How the 23 weapons will handle in the Battlefield 2042 engine remains to be seen, although senior game designer Rob Donovan says that, should we want to, we'll be able to closely mirror the handling experiences offered by the classic games. "One of the things that we are introducing is a setting to use classic tuning, so that you can restore some of the TTK from those original games, so the weapons will behave more or less like they did."
Updating Bad Company
There's a lot of reasons to be excited about Battlefield Portal. It's an expressive system that appears easy to learn and difficult to master, giving you the tools to really tinker with variables and create some truly unique experiences. How would World War 2 soldiers fare against operatives of 2042? What would a war fought with weapons from all throughout history be like? Who wins in a battle between knives and defibrillators? How would Bad Company play if it were built in a modern engine, complete with all of the next-gen flourishes being pushed into 2042? Battlefield Portal appears to stretch as far as your imagination, so long as it's within the borders of a Battlefield sandbox.
I'm interested in the opportunity to return one of the greatest FPS experiences of the last 20 years, updated and modernized to reflect the great strides DICE has made in the field since. Bad Company 2's gunplay rendered out in the Battlefield 2042 handling model, running at a snappy 60fps. The highly destructible maps presented in Frostbite 3.0 with updated 4K assets, tweaked to accommodate larger player counts. All of that, combined with a capacity to dive in and tweak everything from class composition, weapon and vehicle availability, damage and spawn modifiers, and more. We have the tools to create the ultimate Battlefield: Bad Company experience here, one that's authentic to the past and cognizant of modern advancements in the genre.

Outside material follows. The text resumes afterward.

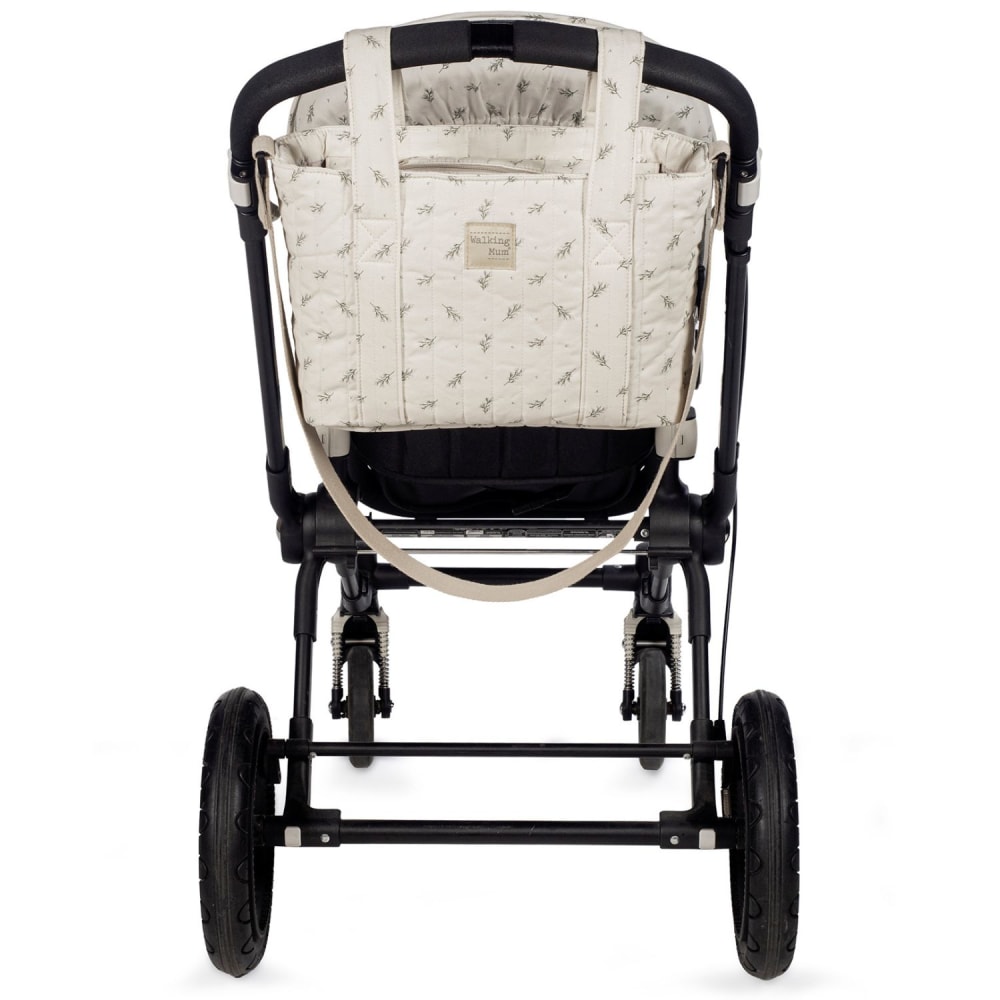 Kinderwagen-organizer baby aus baumwolle - Maisons Du Monde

Battlefield 2042 preview: 128 players, massive maps, and multiplayer mayhem like you've never seen it before, here's everything you need to know about DICE's all-out-warfare.
More than that, if you really wanted to, you could switch out the Bad Company 2 equipables with those from Battlefield 3 or Battlefield 2042, just to see how more modern guns, gadgets, and even classes or Specialists would play within Bad Company's famously aggressive maps. You could do the opposite, recreating the Bad Company 2 game experience as closely as you can and drop it into the sprawling maps of Battlefield 2042 with 128 players running amok, just to see how the setup would play a little further in the future.
In a parallel timeline, DICE pursued the same areas of innovation and expansion following Battlefield 5 and funneled them into Bad Company 3, rather than 2042. We'd be seeing the innovations of the Frostbite 3 engine through the lens of organic destruction. The increased player count would be leveraged for wider-scale Rush conflicts. The new Specialists would more closely reflect the carnage of Bad Company's classes. The weapons and vehicles designed for more frenetic close-quarters action. What we have instead is the opportunity to create a modern interpretation of Bad Company within Battlefield 2042, one that gives us just a hint of what a third installment would look, feel, and play like. That's enough for right now, so long as we can find the time to figure out how the Portal editor works.